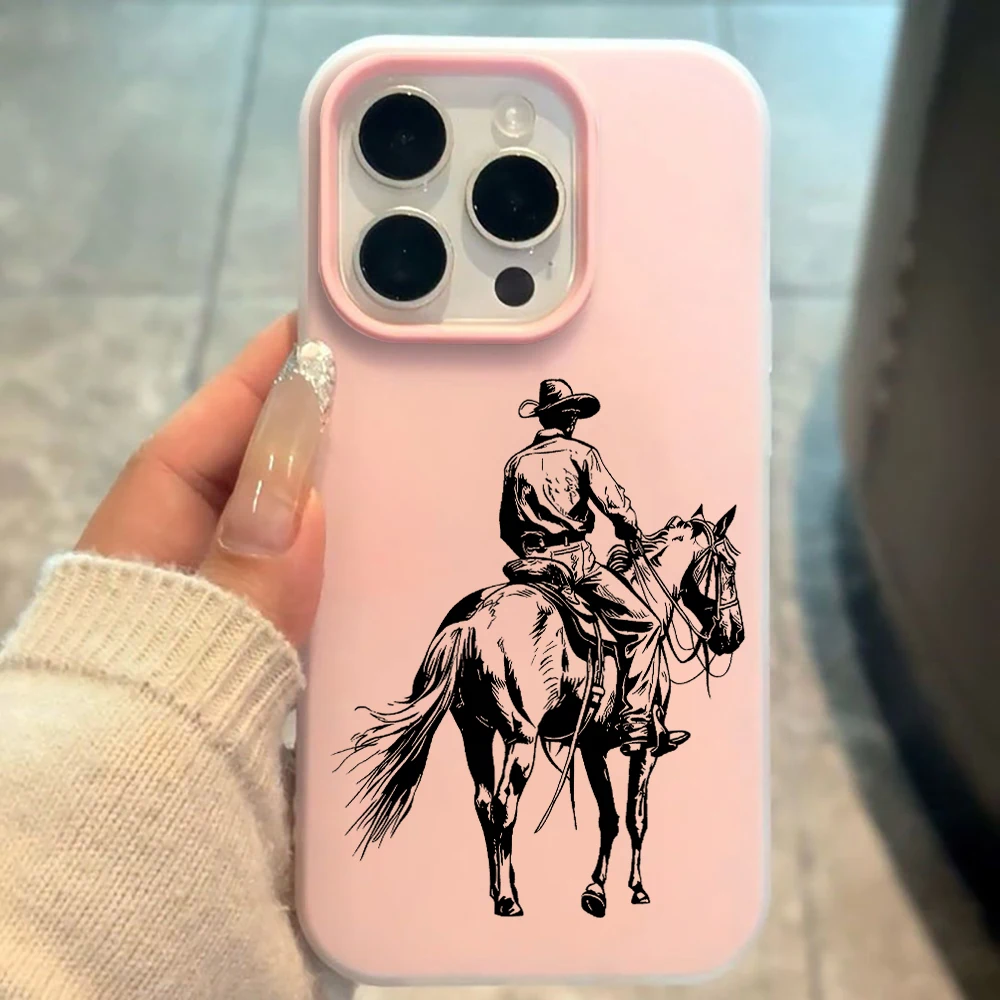 für iPhone 17 16 14 15 11 12 13 Pro Max 7 8 15 16 Plus 17 Air Hüllen Retro Western Cowboy Handyhülle Stoßfeste Silikonhülle – Detail 2
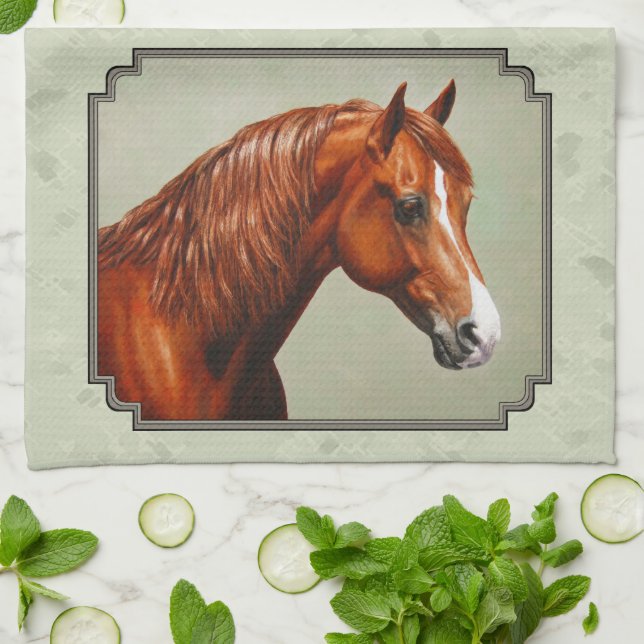 Kastnut Morgan Horse Sage Green Geschirrtuch (Gefaltet)
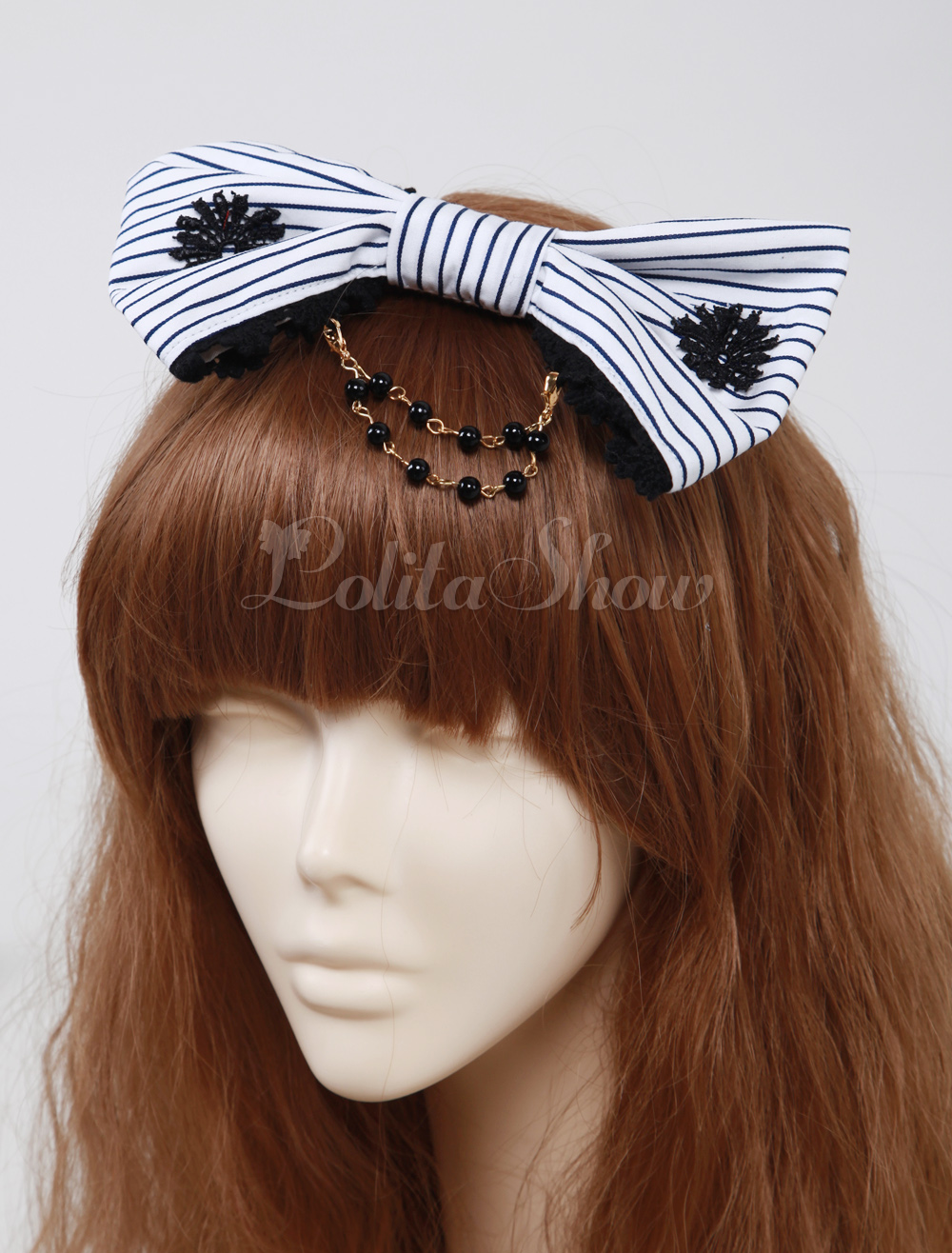 Lolitashow White Stripe Beading Cotton Lolita Hair Tie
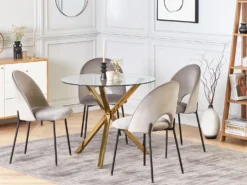 Spisebord SAVONI Guld 90 cm 90 cm Hærdet glas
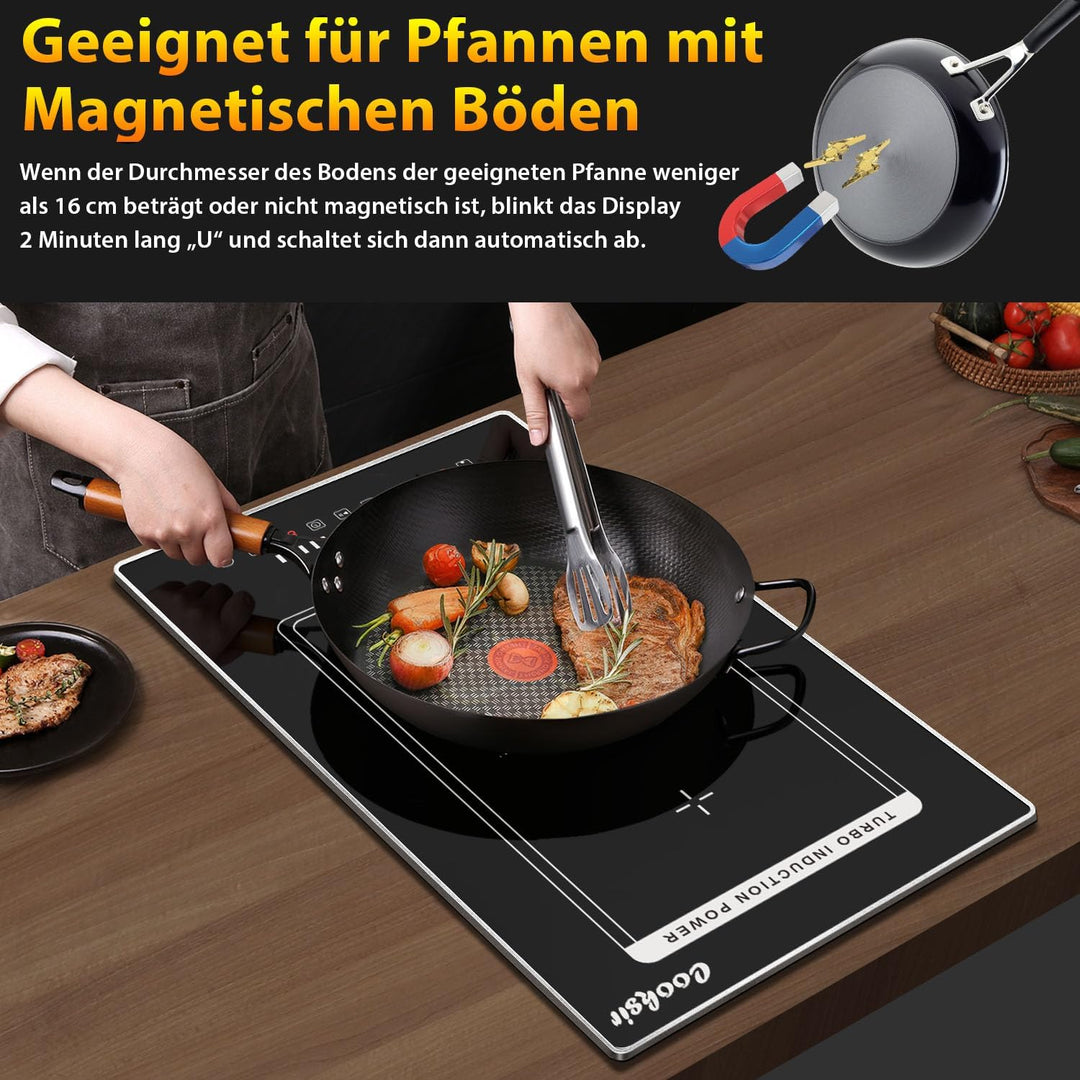 Induktionskochfeld 2 Platten mit Stecker Einbau 30CM, Herdplatte 2 Kochfelder mit Rahmen, 3500W, Kom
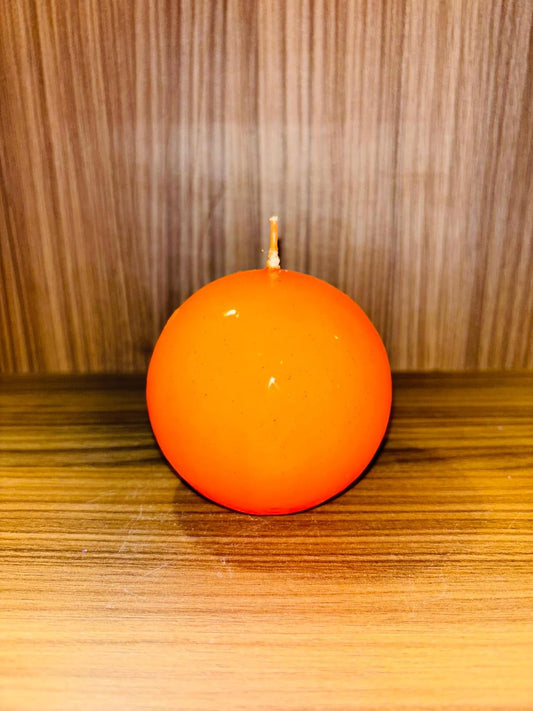 Round-Shaped Sphere Ball Candles (3x3 Inch) || Home Decoration Handmade Candles Desk Sculpture Decoration for House || Bedroom || Living Room (Orange)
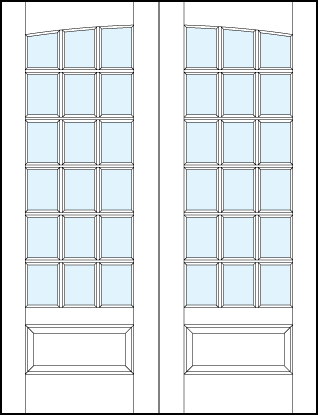 pair of interior glass french doors with common arch top panel, 18 true divided lites and raised bottom panel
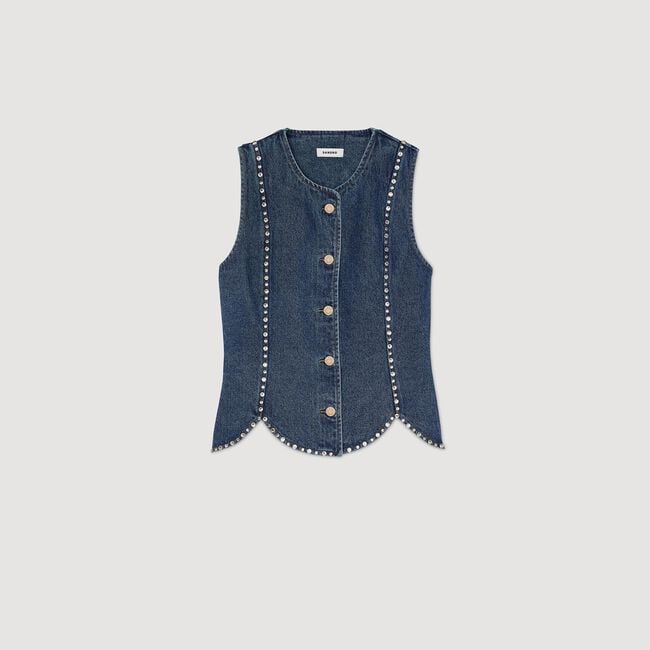 Rhinestone denim top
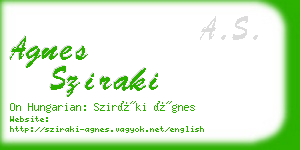 agnes sziraki business card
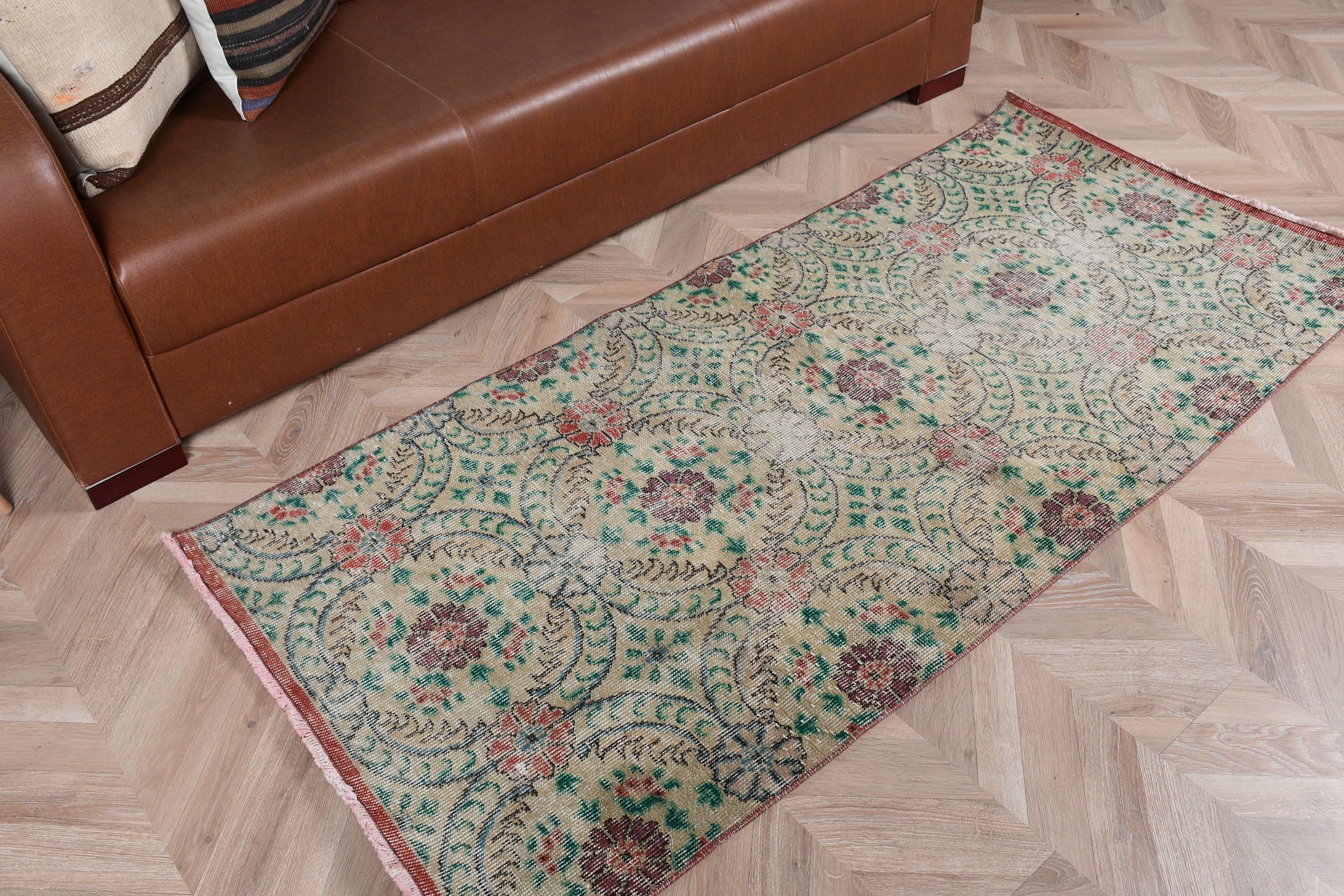 Cute Rug, 2.9x6.2 ft Accent Rug, Bedroom Rug, Turkish Rug, Kitchen Rugs, Vintage Rugs, Home Decor Rug, Anatolian Rug, Green Anatolian Rugs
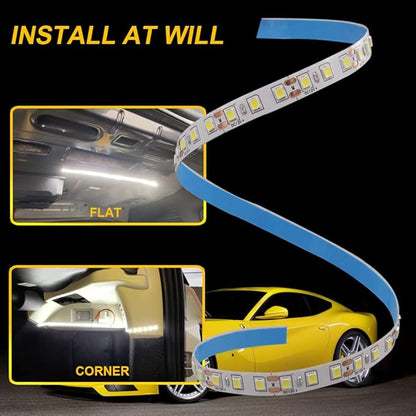 BMTxms LED Strip Light，60pcs SMD 2835 - Trunk LED Light for Car Trunk Cargo Area or Interior Illumination Decoration,4000 Lumens 6000K Xenon White, Easy Install Auto Accessories (2 Pack)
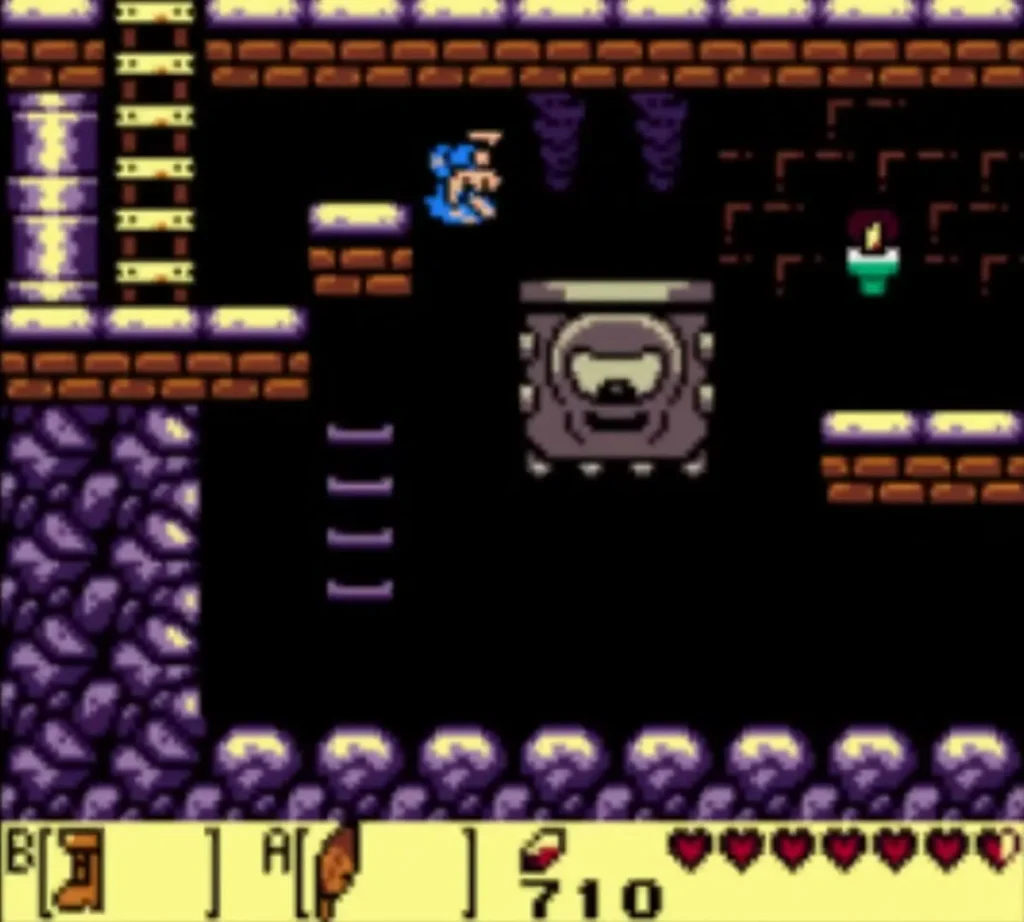 Link leaps beside a resting spiked Thwomp over the floor of Angler Tunnel Link leaps beside a resting spiked Thwomp over the floor of Angler Tunnel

------

__Work required__: All lines from the one containing "Cute Rug, 2.9x6.2" through the end of the entries, both ends included, should be written out exactly, with no pictures.

__Worked solution__:
 Cute Rug, 2.9x6.2 ft Accent Rug, Bedroom Rug, Turkish Rug, Kitchen Rugs, Vintage Rugs, Home Decor Rug, Anatolian Rug, Green Anatolian Rugs
 BMTxms LED Strip Light，60pcs SMD 2835 - Trunk LED Light for Car Trunk Cargo Area or Interior Illumination Decoration,4000 Lumens 6000K Xenon White, Easy Install Auto Accessories (2 Pack)
 Link leaps beside a resting spiked Thwomp over the floor of Angler Tunnel Link leaps beside a resting spiked Thwomp over the floor of Angler Tunnel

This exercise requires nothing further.